Yes, I know you normally enthuse quietly in whatever you enjoy,
but just this once
Turn up the volume; and
Repeat Rule 1.
Now some pieces to
listen to.
For various
reasons, the vocal parts can seem very fatiguing, and it's the singing
that puts most newcomers off. You'll be relieved to hear, therefore,
that you may delay that sort of gratification till later, and rely on
orchestral excerpts to begin with. There is an abundance of dazzling
pieces to choose from.
Colossally daunting
it may be, but the tetralogy of Der Ring des Nibelungen (Das
Rheingold, Die Walküre, Siegfried, Götterdämmerung) is not as bad
place to start as you might first think.
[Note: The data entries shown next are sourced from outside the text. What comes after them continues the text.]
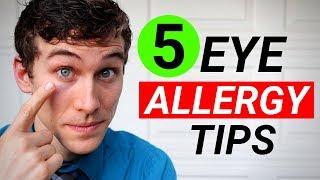 How to Get Rid of Itchy Eyes - 5 Tips for Itchy Eyes Allergy Relief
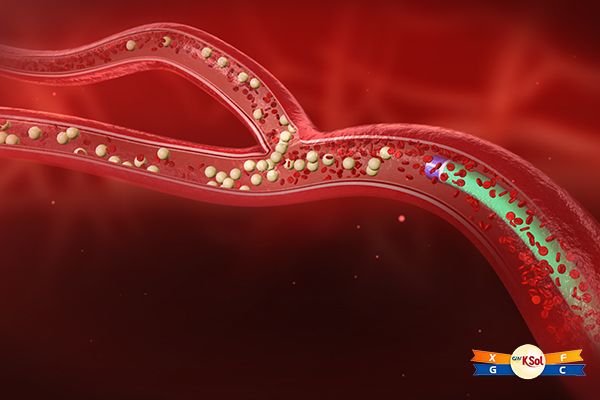 Cận xạ trị là phương pháp đưa nguồn xạ trị vào gần khối u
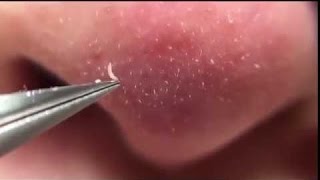 Выдавливание черных точек на носу/Squeezing blackheads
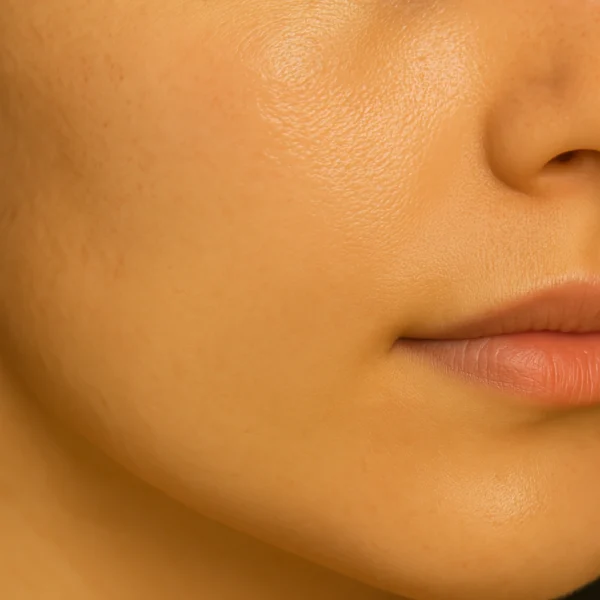 MG Beauty Clinc Foto Peeling Yellow Raccolte 3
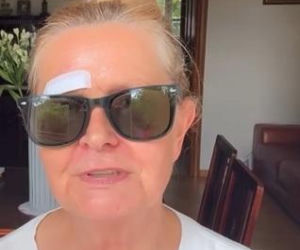 Barbara Busztynowicz miała wypadek! Skończyło się szyciem. Nikt się nie zatrzymał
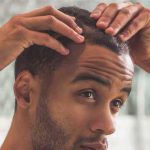 A Guide To Hair Transplants For Bald People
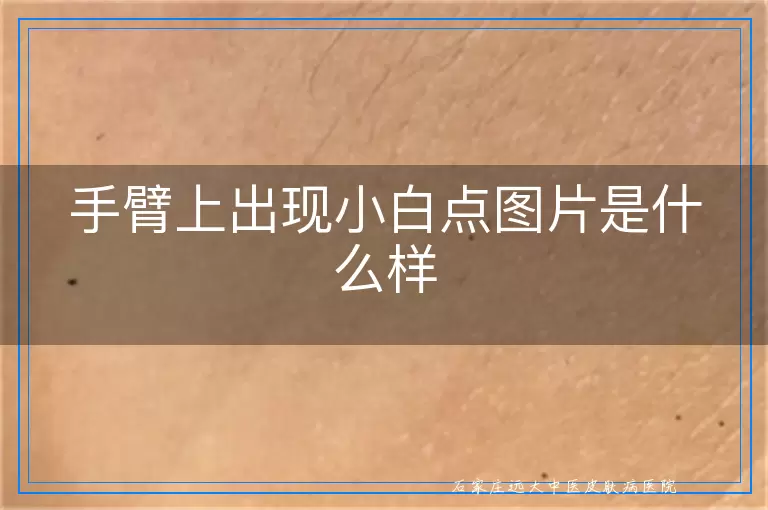 手臂上出现小白点图片是什么样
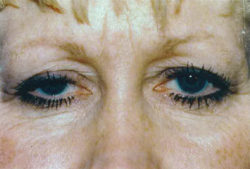 Combination Surgeries (eyelid lift and other)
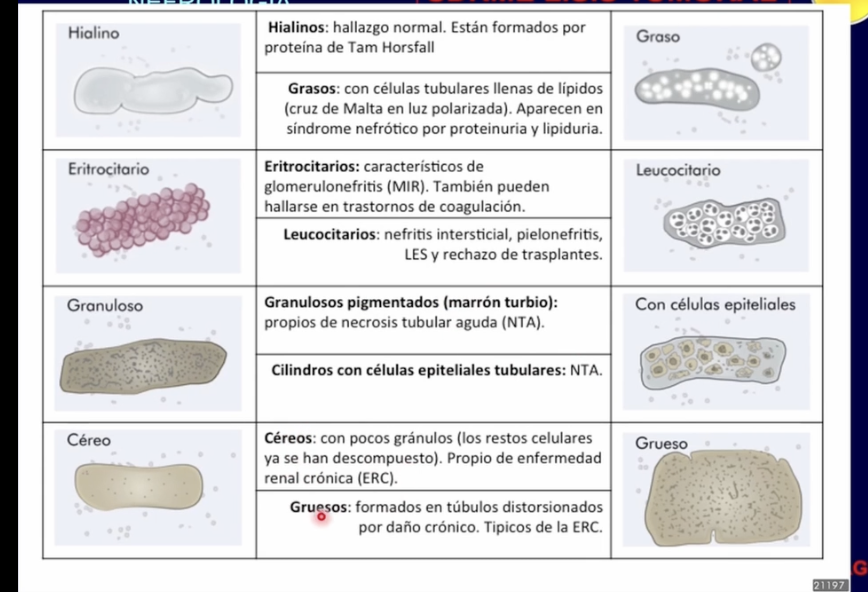 <p>Cilindros relacionados con sd nefrótico y nefrítico</p>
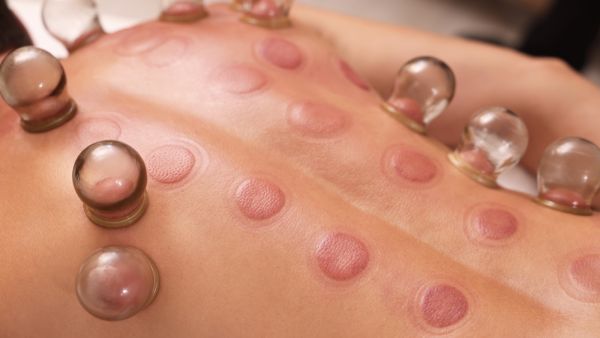 أفضل وقت لعمل الحجامة في شهر ديسمبر 2025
Here's what George Bernard Shaw
wrote a century ago this year in The Perfect Wagnerite:
.
. . The Ring is full of extraordinarily attractive episodes, both
orchestral and dramatic. The nature music alone — music of river and
rainbow, fire and forest — is enough to bribe people with any love of
the country in them to endure the passages of political philosophy in
the sure hope of a prettier page to come. Everybody, too, can enjoy the
love music, the hammer and anvil music, the clumping of the giants, the
tune of the young woodsman's horn, the trilling of the bird, the dragon
music and nightmare music and thunder and lightning music, the profusion
of simple melody, the sensuous charm of the orchestration: in short, the
vast extent of common ground between The Ring and the ordinary
music we use for play and pleasure.
Do you like the Ride
of the Valkyries? (It introduces Act III of Die Walküre.)
Don't know it well? Give it another try, then, and listen to its
wonderful galloping progress. I reckon that, like me, you'll also grow
to savour the contrast between the heavy deep bass and the rushing runs
and trills higher up in the orchestra.
Incidentally,
Example
1 is a little ditty you can sing full-throttle to the tune of the Ride.
I found it in John Culshaw's Ring Resounding (1967), the story of
how the Decca Ring recordings were made, written by the producer
in charge of that long project.
Oh, you can’t
stand the Ride because of its hackneyed movie associations? Fair
enough. Well try some of these instead. Most are around ten minutes or
less in length, with the longest, the Siegfried Idyll, being just
over 22 minutes. A few were arranged for the concert hall by Wagner
himself from the full scores. As you listen, you're sure to become aware
of what an untold debt many of Hollywood's derivative composers owe to
Our Man in Bayreuth.
Der Fliegende Holländer: Overture —
a
marvellous, atmospheric tone-poem
Götterdämmerung: Immolation of the Gods
— the
magnificent and eminently satisfying orchestral culmination of the
whole Ring is built up almost entirely from seven leitmotivs
used throughout the tetralogy
Götterdämmerung: Siegfried's Death and Funeral March
— a splendid death march, worthy of the hero it laments — was
played at Wagner's own funeral
Götterdämmerung: Siegfried's Rhine Journey —
the intermezzo heard just before the Act I curtain goes up —
exultant, but full of foreboding hints
Lohengrin: Prelude — exquisite radiant musical
depiction of a vision of the Holy Grail
Lohengrin: Introduction to Act III —
joyful
music, evoking the pageantry of preparations for a mediaeval courtly
wedding
Die Meistersinger: Overture —
and they said that
Wagner was couldn’t write counterpoint — with the Ride of the
Valkyries and the Siegfried Idyll, the most accessible of
all Wagner's orchestral pieces — sumptuous
Parsifal: Prelude to Act I —
introduces Wagner's
last opera, one even more religious than Lohengrin — features
four themes: Last Supper, Holy Grail (different from that in Lohengrin),
Faith and Suffering
Das Rheingold: Entrance of the Gods into Valhalla
across their Rainbow Bridge — a majestic conclusion to the opera
Rienzi: Overture — written in Wagner's
"older" style (the then prevailing grand manner of Meyerbeer)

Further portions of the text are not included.